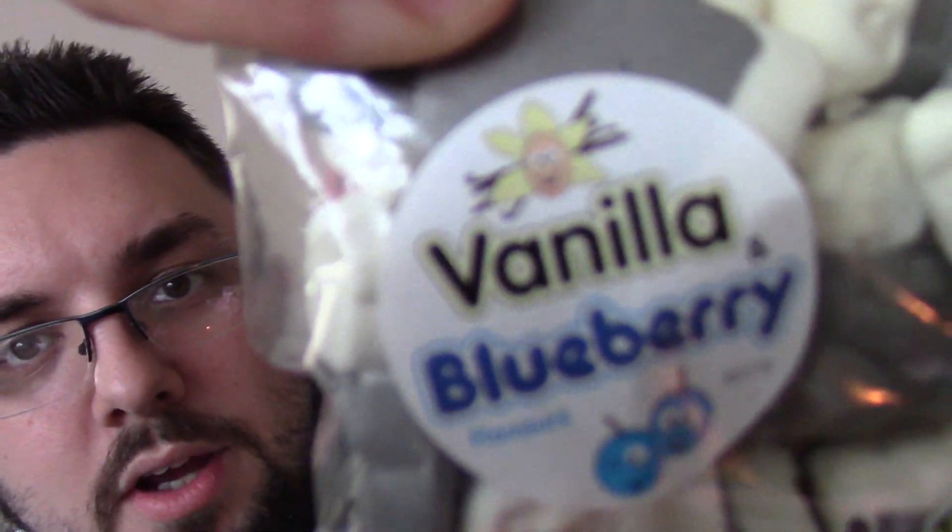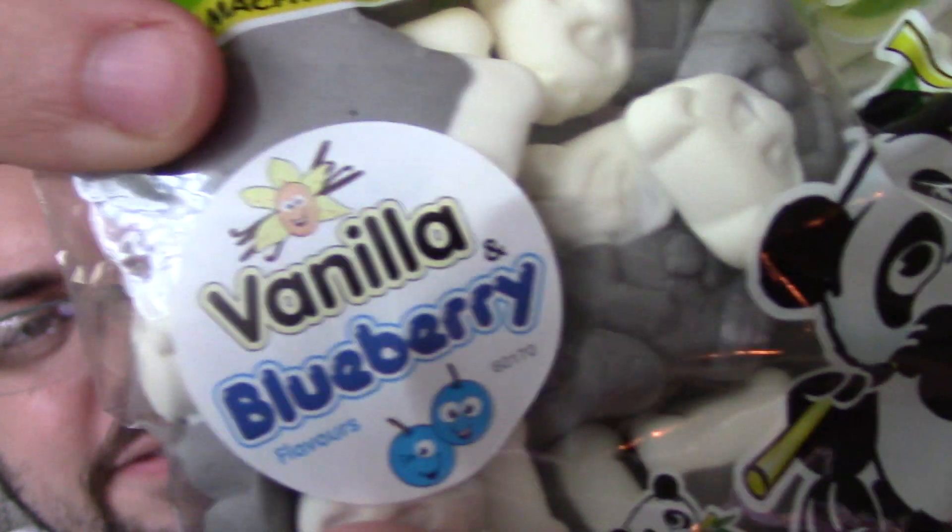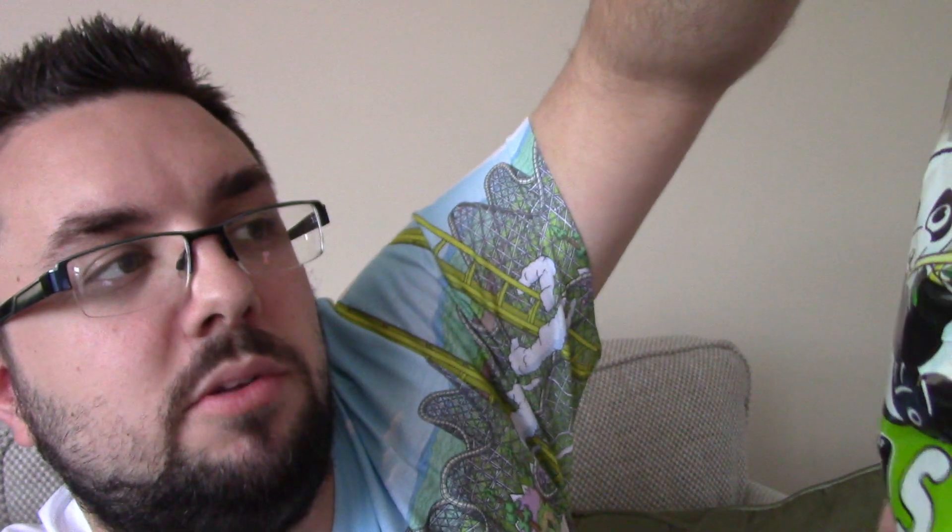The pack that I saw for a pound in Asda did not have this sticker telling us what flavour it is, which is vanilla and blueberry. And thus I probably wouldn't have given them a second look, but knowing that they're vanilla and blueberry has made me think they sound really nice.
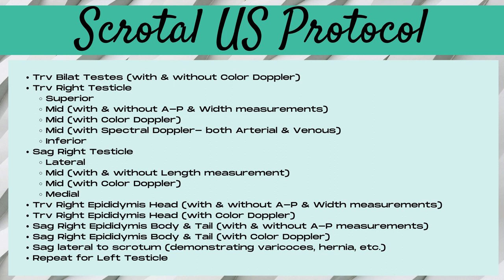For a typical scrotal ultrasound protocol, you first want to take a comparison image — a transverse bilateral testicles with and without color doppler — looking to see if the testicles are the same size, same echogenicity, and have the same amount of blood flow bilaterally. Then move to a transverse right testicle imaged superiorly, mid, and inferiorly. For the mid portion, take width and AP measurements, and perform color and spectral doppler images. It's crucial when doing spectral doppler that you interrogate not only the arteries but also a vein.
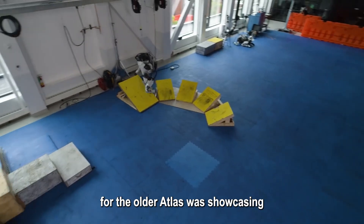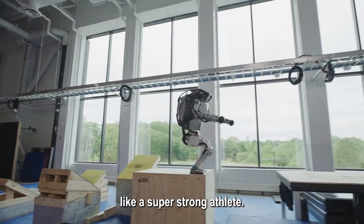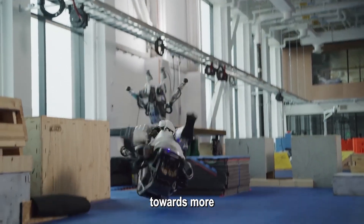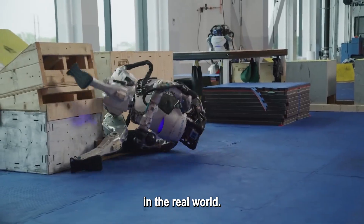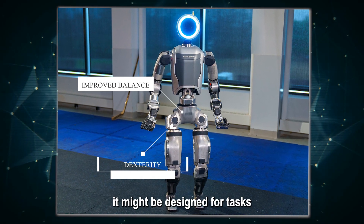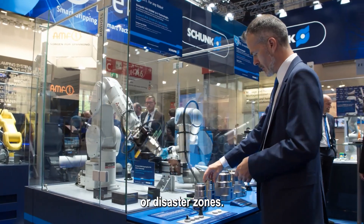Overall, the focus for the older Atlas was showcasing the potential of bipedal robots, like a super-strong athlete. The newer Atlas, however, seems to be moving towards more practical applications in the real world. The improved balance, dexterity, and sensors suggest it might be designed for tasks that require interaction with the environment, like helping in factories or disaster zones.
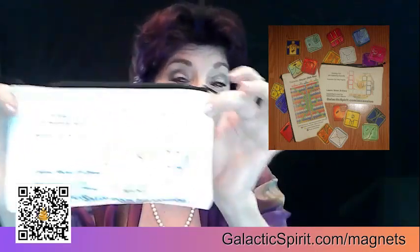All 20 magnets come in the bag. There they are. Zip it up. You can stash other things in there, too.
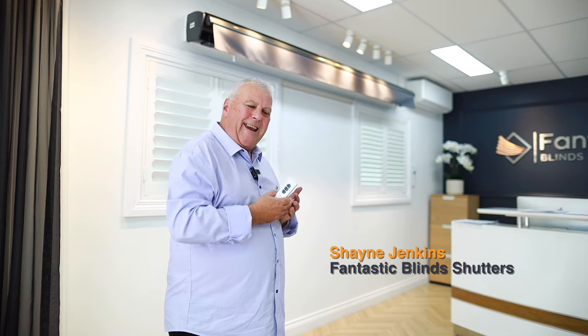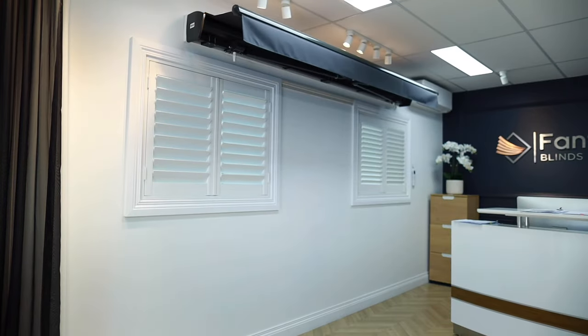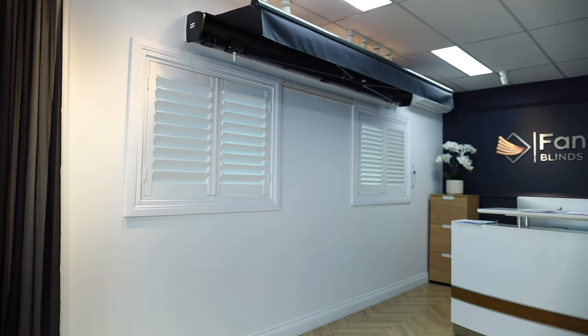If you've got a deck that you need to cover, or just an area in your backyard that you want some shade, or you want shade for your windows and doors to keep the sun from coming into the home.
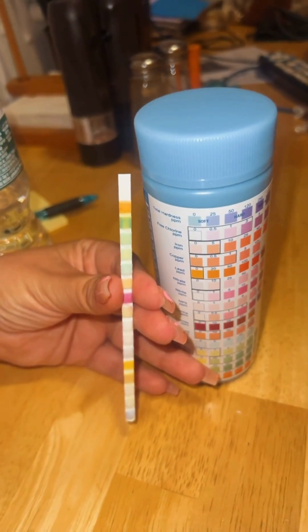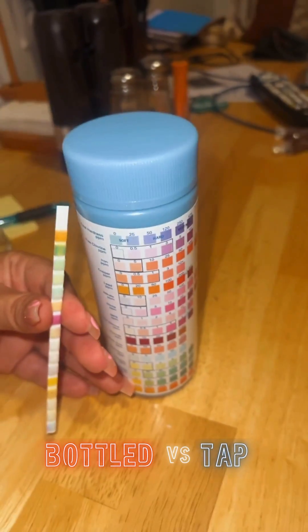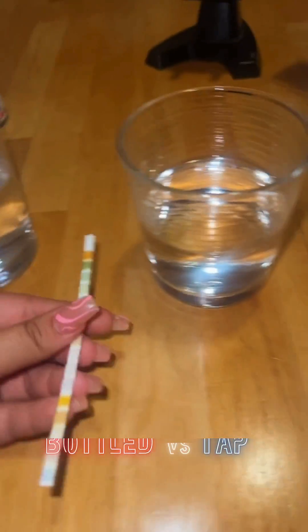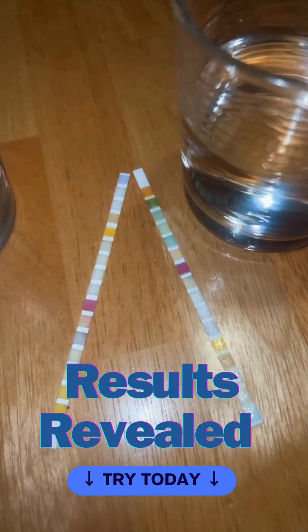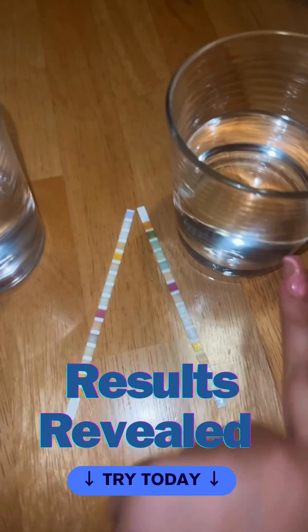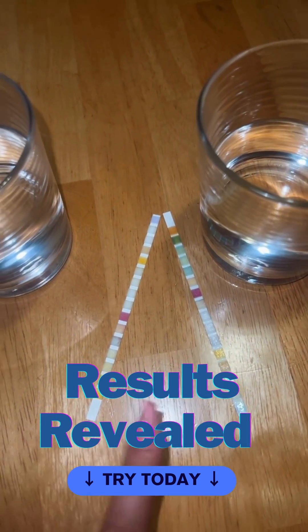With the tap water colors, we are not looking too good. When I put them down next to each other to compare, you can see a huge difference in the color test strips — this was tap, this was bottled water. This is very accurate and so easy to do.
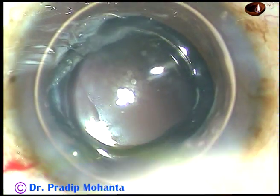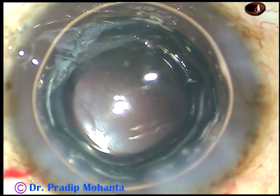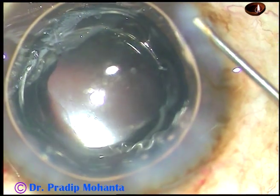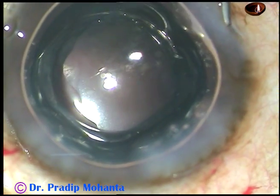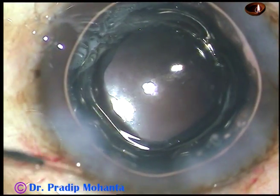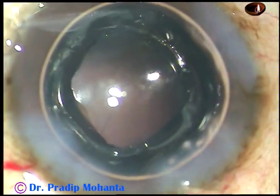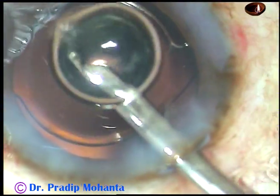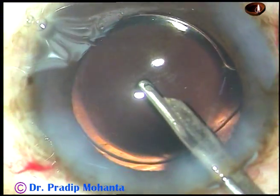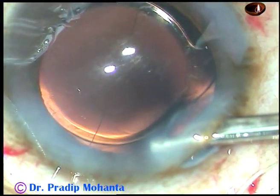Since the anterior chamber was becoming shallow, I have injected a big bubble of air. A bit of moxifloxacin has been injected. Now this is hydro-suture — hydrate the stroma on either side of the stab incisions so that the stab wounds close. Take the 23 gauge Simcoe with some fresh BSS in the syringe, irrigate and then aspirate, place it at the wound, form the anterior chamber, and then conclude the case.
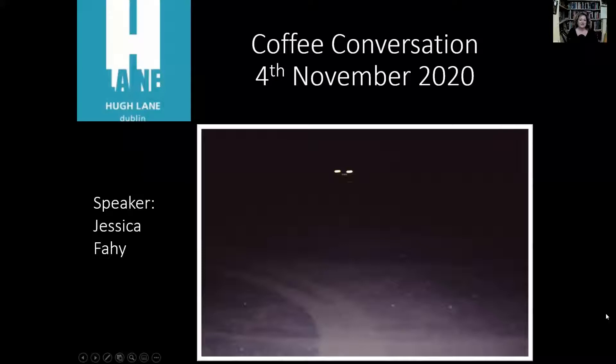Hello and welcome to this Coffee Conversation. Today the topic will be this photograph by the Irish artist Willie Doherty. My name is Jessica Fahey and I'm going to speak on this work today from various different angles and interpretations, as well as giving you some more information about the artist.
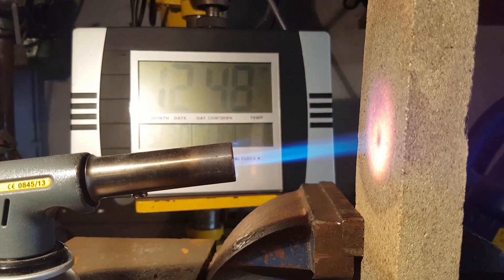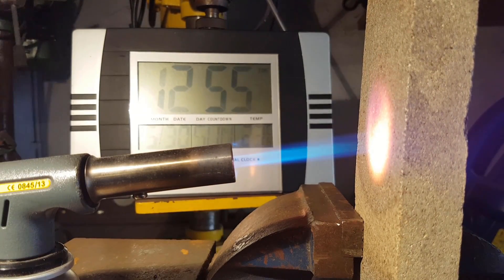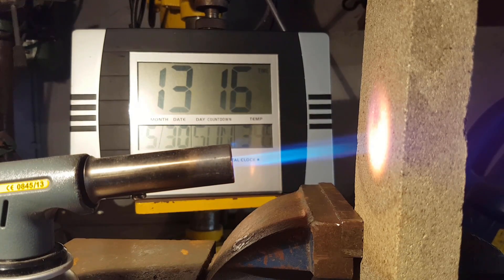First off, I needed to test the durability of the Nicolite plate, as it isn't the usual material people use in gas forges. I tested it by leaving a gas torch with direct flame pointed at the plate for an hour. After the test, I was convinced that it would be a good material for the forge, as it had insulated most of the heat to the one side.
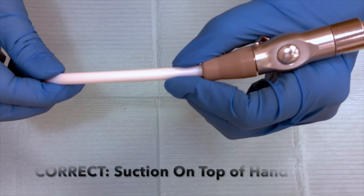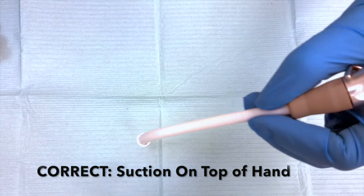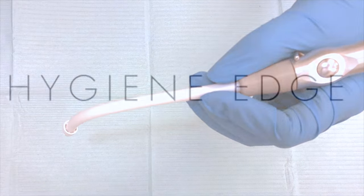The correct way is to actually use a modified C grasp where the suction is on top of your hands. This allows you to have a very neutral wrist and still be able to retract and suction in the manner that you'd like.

-- Required action --
Please output all the data exactly as given, with the pictures omitted.

-- Answer section --
The pack that I saw for a pound in Asda did not have this sticker telling us what flavour it is, which is vanilla and blueberry. And thus I probably wouldn't have given them a second look, but knowing that they're vanilla and blueberry has made me think they sound really nice.
For a typical scrotal ultrasound protocol, you first want to take a comparison image — a transverse bilateral testicles with and without color doppler — looking to see if the testicles are the same size, same echogenicity, and have the same amount of blood flow bilaterally. Then move to a transverse right testicle imaged superiorly, mid, and inferiorly. For the mid portion, take width and AP measurements, and perform color and spectral doppler images. It's crucial when doing spectral doppler that you interrogate not only the arteries but also a vein.
Overall, the focus for the older Atlas was showcasing the potential of bipedal robots, like a super-strong athlete. The newer Atlas, however, seems to be moving towards more practical applications in the real world. The improved balance, dexterity, and sensors suggest it might be designed for tasks that require interaction with the environment, like helping in factories or disaster zones.
All 20 magnets come in the bag. There they are. Zip it up. You can stash other things in there, too.
If you've got a deck that you need to cover, or just an area in your backyard that you want some shade, or you want shade for your windows and doors to keep the sun from coming into the home.
With the tap water colors, we are not looking too good. When I put them down next to each other to compare, you can see a huge difference in the color test strips — this was tap, this was bottled water. This is very accurate and so easy to do.
Since the anterior chamber was becoming shallow, I have injected a big bubble of air. A bit of moxifloxacin has been injected. Now this is hydro-suture — hydrate the stroma on either side of the stab incisions so that the stab wounds close. Take the 23 gauge Simcoe with some fresh BSS in the syringe, irrigate and then aspirate, place it at the wound, form the anterior chamber, and then conclude the case.
Hello and welcome to this Coffee Conversation. Today the topic will be this photograph by the Irish artist Willie Doherty. My name is Jessica Fahey and I'm going to speak on this work today from various different angles and interpretations, as well as giving you some more information about the artist.
First off, I needed to test the durability of the Nicolite plate, as it isn't the usual material people use in gas forges. I tested it by leaving a gas torch with direct flame pointed at the plate for an hour. After the test, I was convinced that it would be a good material for the forge, as it had insulated most of the heat to the one side.
The correct way is to actually use a modified C grasp where the suction is on top of your hands. This allows you to have a very neutral wrist and still be able to retract and suction in the manner that you'd like.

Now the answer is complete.